Broadband Fact Checking
When it comes to broadband and economic development, much of what's said doesn't jive with the reality observed by those who improve local economies for a living. Among policymakers and large incumbents’ marketing teams, some “bold weavers” spout numbers and stats that seem woven from whole cloth, indicating broadband is responsible for “X” million new jobs or “X” billion dollars. But it’s difficult, if not impossible, to draw clear lines between grandiose numbers and local economic realities, and subsequently create good policy. Then you have the “assumptive forecasters” who tout economic outcomes that seem reasonable, but whose validity is based on assumptions and anecdotal evidence. Case in point is the conventional wisdom just cited.
So how do we survive the deep sea of numbers and the devilish, but well promoted, assumptions that set expectations higher or lower than they should be? Go to the pros.
The 2012 Moving the Needle Forward on Broadband and Economic Development report details a national survey of economic development professionals, conducted by myself in partnership with the International Economic Development Council (IEDC). The survey was completed by 365 economic developers. Besides the quantitative data, they offered some in-depth commentary on prospects for an increasing number of communities to build their own broadband networks. The following are a handful of the survey's findings.
- More than 60 percent of economic developers believe selling pre-paid subscriptions that cover the cost of building out a broadband network has a fair to good chance of being successful.
- 41 percent to 48 percent of respondents believe broadband can increase the number of home-based businesses.
- 18 percent of respondents have insufficient speeds to produce economic outcomes listed and have given up on a solution. Another 13 percent do not have enough speed to get the job done, but are actively trying to find or create a solution.
- In a related finding, 43.5 percent of respondents’ jurisdictions exist under duopoly conditions, and 15.5 percent are in communities that deal with a broadband monopoly.
- About 12 percent of respondents say their communities plan to start building broadband networks in the next 18 months, another 22 percent hope to build a network at some point in the future.
Why Some Aren’t Down With Broadband
Another piece of conventional wisdom, or at least a logical assumption, is that local government officials would be pretty supportive of broadband once they see its potential to improve the local economy. Don’t take it for granted. During a Gigabit Nation broadcast that examined this survey report in greater detail, an economic developer said local officials are opposed to supporting broadband even when it was explained that broadband could increase home-based businesses and remote workers. Any economic development activity that does not directly result in new organizations moving to their town and paying property taxes is considered a distraction.
This may not be an isolated situation. At IEDC’s annual conference held in September, a consultant offered one possible reason for why a higher percentage of survey respondents felt broadband made local companies more competitive vs that it improved depressed business districts.

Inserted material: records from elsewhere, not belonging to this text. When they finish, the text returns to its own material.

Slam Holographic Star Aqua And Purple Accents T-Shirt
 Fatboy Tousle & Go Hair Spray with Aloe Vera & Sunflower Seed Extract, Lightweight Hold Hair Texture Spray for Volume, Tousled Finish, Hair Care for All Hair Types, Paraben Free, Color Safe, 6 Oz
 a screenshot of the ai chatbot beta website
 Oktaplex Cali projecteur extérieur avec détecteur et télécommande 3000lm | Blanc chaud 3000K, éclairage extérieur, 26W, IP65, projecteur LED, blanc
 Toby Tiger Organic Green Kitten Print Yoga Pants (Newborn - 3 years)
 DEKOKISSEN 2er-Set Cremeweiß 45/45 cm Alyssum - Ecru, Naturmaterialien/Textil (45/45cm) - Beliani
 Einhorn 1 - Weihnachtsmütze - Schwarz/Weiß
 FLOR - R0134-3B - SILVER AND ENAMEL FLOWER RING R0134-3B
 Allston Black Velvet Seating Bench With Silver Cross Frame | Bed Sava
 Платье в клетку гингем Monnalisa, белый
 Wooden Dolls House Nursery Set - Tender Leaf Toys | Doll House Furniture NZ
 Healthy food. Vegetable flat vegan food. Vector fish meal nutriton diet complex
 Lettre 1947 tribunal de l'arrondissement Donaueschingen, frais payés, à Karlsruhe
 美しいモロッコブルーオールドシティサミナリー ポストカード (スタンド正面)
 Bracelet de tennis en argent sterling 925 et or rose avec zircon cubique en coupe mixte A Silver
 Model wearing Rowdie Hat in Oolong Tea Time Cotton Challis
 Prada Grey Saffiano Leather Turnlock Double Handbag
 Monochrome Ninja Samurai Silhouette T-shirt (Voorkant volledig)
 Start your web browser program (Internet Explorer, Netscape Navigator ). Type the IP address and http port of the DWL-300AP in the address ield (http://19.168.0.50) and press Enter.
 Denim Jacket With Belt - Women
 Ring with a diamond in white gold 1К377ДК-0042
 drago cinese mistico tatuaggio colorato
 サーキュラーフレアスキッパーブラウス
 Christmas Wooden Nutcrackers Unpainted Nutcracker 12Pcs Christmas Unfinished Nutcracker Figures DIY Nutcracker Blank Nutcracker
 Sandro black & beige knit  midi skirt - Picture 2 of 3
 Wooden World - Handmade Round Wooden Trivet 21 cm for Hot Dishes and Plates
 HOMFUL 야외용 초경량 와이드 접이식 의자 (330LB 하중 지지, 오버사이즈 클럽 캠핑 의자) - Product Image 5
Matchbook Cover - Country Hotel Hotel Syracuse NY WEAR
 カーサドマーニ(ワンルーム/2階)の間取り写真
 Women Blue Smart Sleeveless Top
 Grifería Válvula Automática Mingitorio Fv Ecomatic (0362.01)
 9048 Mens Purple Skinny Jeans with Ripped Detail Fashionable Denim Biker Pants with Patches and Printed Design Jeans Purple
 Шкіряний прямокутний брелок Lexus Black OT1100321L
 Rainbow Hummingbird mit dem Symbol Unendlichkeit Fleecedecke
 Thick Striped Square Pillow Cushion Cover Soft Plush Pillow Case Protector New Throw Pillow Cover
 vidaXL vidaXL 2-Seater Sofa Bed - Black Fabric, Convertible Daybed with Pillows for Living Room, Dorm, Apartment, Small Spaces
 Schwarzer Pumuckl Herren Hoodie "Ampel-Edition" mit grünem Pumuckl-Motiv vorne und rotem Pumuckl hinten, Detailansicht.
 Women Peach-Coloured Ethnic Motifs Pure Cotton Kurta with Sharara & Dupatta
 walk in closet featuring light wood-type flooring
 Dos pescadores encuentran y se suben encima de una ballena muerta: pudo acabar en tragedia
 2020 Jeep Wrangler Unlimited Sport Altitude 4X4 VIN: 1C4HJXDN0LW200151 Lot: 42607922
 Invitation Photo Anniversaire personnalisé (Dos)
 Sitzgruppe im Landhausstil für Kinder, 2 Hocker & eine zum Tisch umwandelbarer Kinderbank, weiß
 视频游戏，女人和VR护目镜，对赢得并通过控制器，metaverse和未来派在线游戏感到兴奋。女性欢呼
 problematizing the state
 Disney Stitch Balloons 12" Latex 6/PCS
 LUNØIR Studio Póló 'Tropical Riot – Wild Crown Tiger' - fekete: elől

You’d think there would be equal support for both since one outcome can lead to the other. However, “Everything’s about job creation. In many agencies that’s the primary way staff are evaluated, by how many jobs they bring to the community and how quickly.”
Don Mitchell, who works in government administration in Norfolk, Va, adds a constituent perspective. “Based on what I've seen locally, economic developers here mostly think and act in terms of traditional jobs and businesses that require a physical facility,” he says. “They ignore the fact that improving individual economic development, while not as lucrative to the tax base in the short term, will lead to economic betterment for the community.”
So, the moral of this story is that we need to go to the people who know best about the mechanics of improving local economies, but at the same time, we have a lot of educating to do of both elected officials and economic developers. The survey attempts to develop a snapshot of broadband’s impact on economic development; it’s not an exercise designed to record the total range of thinking among the pros. Use the survey as a starting point in getting your stakeholders on board with broadband, and/or as a reality check to gauge if they are moving generally in the right direction.